Combining correspondence tables

Overview

A correspondence table serves as a translation between two statistical classifications. When a correspondence table between two classifications does not yet exist, but both are linked to one or more intermediate classifications through existing correspondence tables, a new correspondence table can be generated automatically.

For the general case, where classifications \(A\) and \(B\) are indirectly linked via one or more intermediate classifications \(C_1, \dots ,C_k\), the newCorrespondenceTable() function can automatically generate a new correspondence table.

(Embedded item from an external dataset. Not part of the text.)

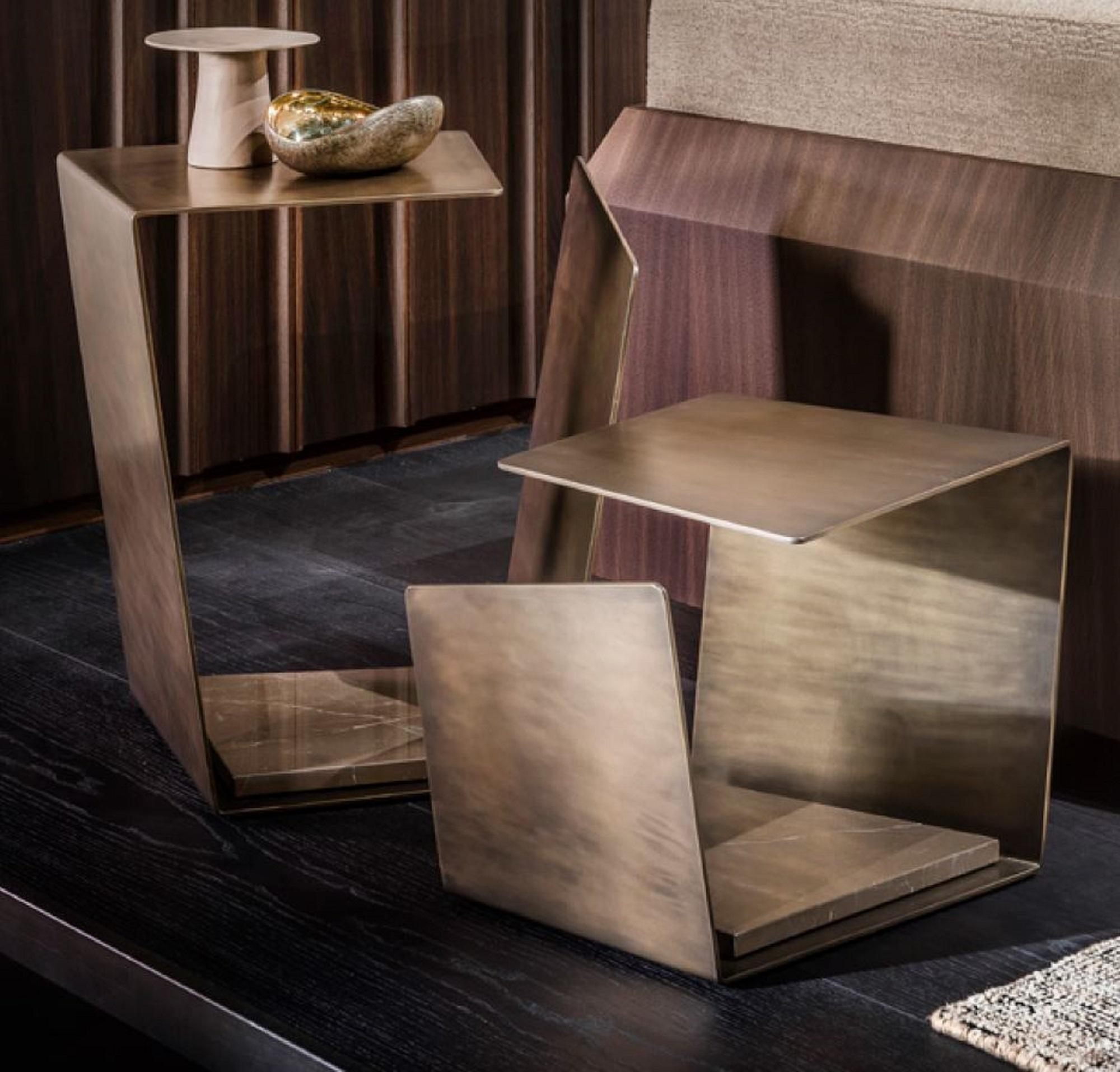 XXIe siècle et contemporain Petite table essentielle en vente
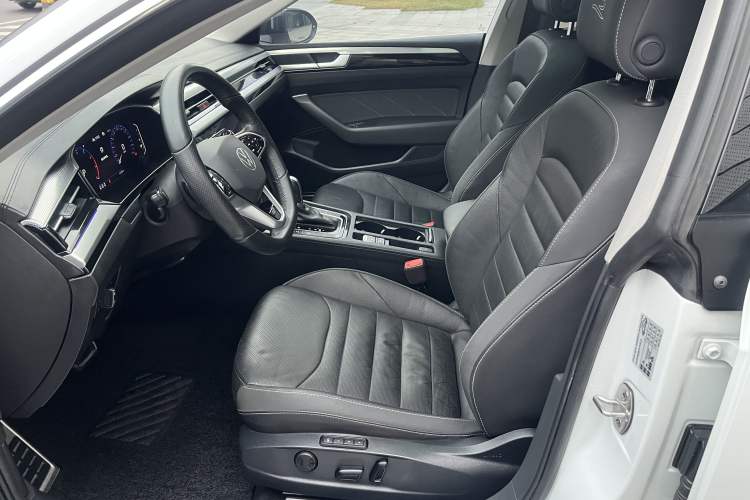 Used Volkswagen FAW-Volkswagen CC 2021 380TSI Striking Edition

A special case occurs when a classification \(A\) is updated to a new version \(A^*\) (with the correspondence table \(A:A^*\) assumed to have been created as part of this update), and a correspondence table \(A:B\) between the old version of \(A\) and another classification of interest \(B\) already exists.

Here, the updateCorrespondenceTable() function can be used to automatically generate the new correspondence table \(A^*:B\). (The newCorrespondenceTable() function could also be applied to achieve this, but the updateCorrespondenceTable() function takes into consideration the fact that \(A\) and \(A^*\) are two versions of the same classification, and is therefore recommended for this updating scenario.

Input

In the case of newCorrespondenceTable(), the number of intermediate classifications is variable.
For this reason, the function accepts a flexible, matrix-like input structure that represents the relationships between classifications and their correspondence tables.

The input must be provided either:

as a square CSV file that specifies the input structure by listing the file paths of the classification tables (on the diagonal) and the correspondence tables (on the off-diagonal), or
as a square two-level list of data frames.

In both cases, the diagonal elements of the structure correspond to classification tables (e.g. \(A\), \(B\), \(C\)), while the off-diagonal elements represent the correspondence tables linking consecutive classifications (e.g. \(A:B\), \(B:C\)).

To generate a correspondence table between classifications \(A\) and \(C\) from the correspondence tables \(A:B\) and \(B:C\), the function requires a matrix-like input structure with classifications on the diagonal and correspondence tables on the off-diagonal. Schematically, this structure can be represented as follows:

\[ \begin{bmatrix} A & A\!:\!B & \\ & B & B\!:\!C \\ & & C \end{bmatrix} \]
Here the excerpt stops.